[PROBLEM STATEMENT] Reproduce without any pictures the lines from the one that contains "this 640×480 image." through the end of the records, exactly as written.

[Text-to-region grounding data]
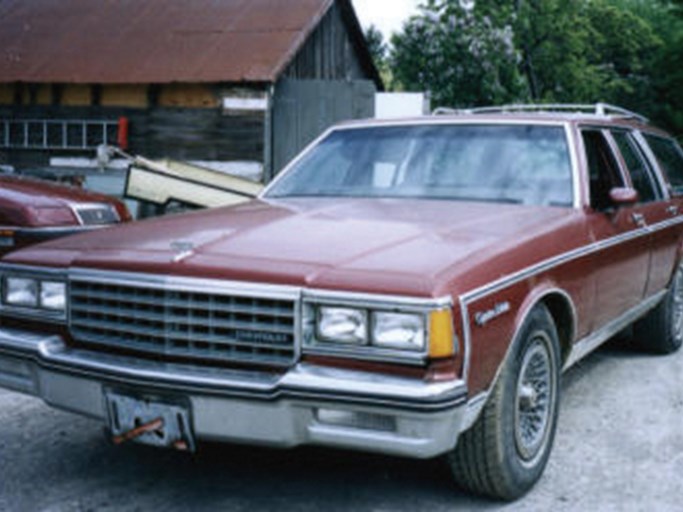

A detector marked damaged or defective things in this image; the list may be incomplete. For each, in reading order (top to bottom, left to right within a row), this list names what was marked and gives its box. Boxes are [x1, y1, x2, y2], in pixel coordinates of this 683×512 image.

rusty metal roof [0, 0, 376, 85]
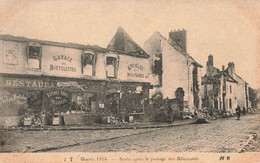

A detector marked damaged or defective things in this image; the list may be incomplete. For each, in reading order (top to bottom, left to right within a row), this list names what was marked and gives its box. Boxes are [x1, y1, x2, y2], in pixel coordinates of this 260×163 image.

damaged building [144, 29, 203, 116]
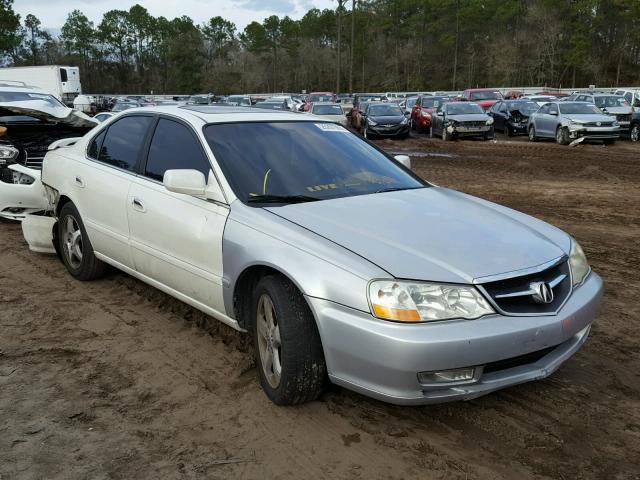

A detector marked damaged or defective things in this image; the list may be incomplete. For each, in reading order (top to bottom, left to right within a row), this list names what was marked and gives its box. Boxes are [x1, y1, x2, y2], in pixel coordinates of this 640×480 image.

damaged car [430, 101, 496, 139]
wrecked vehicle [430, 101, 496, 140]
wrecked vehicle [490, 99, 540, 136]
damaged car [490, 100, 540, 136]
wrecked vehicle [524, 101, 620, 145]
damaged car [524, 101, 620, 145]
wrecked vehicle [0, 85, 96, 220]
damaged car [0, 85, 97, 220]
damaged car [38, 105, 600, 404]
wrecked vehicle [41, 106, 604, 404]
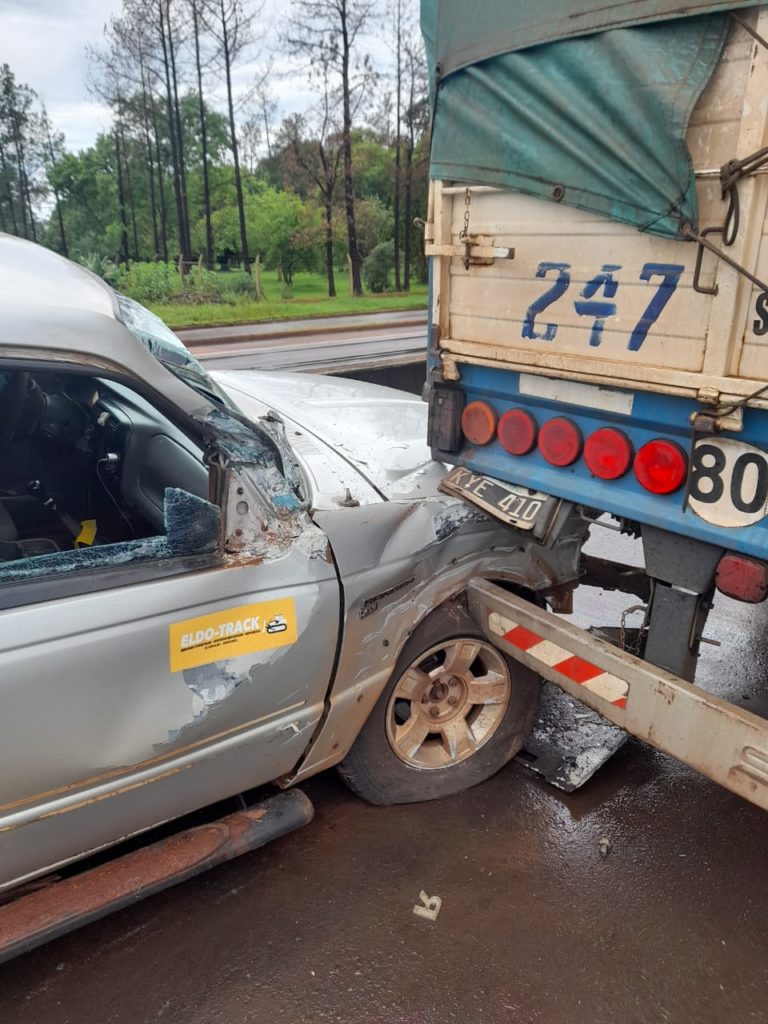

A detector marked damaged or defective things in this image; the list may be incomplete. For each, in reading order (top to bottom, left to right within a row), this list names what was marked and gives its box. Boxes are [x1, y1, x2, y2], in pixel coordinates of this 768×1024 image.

[ANSWER FOR THIS EXERCISE]
A detector marked damaged or defective things in this image; the list may be incomplete. For each, in reading order (top to bottom, left to right within a row), this list names what was marked and gives its box. Boxes are [x1, y1, x2, y2], in pixel coordinates of this 640×480 image.

damaged car [430, 101, 496, 139]
wrecked vehicle [430, 101, 496, 140]
wrecked vehicle [490, 99, 540, 136]
damaged car [490, 100, 540, 136]
wrecked vehicle [524, 101, 620, 145]
damaged car [524, 101, 620, 145]
wrecked vehicle [0, 85, 96, 220]
damaged car [0, 85, 97, 220]
damaged car [38, 105, 600, 404]
wrecked vehicle [41, 106, 604, 404]

A detector marked damaged or defective things in this image; the list may be incomplete. For each, in reading order (top to bottom, left to right within a row), this list names what was marked and gives its box. Boxes are [x1, y1, x2, y2], in pixel coordinates of this 768×1024 image.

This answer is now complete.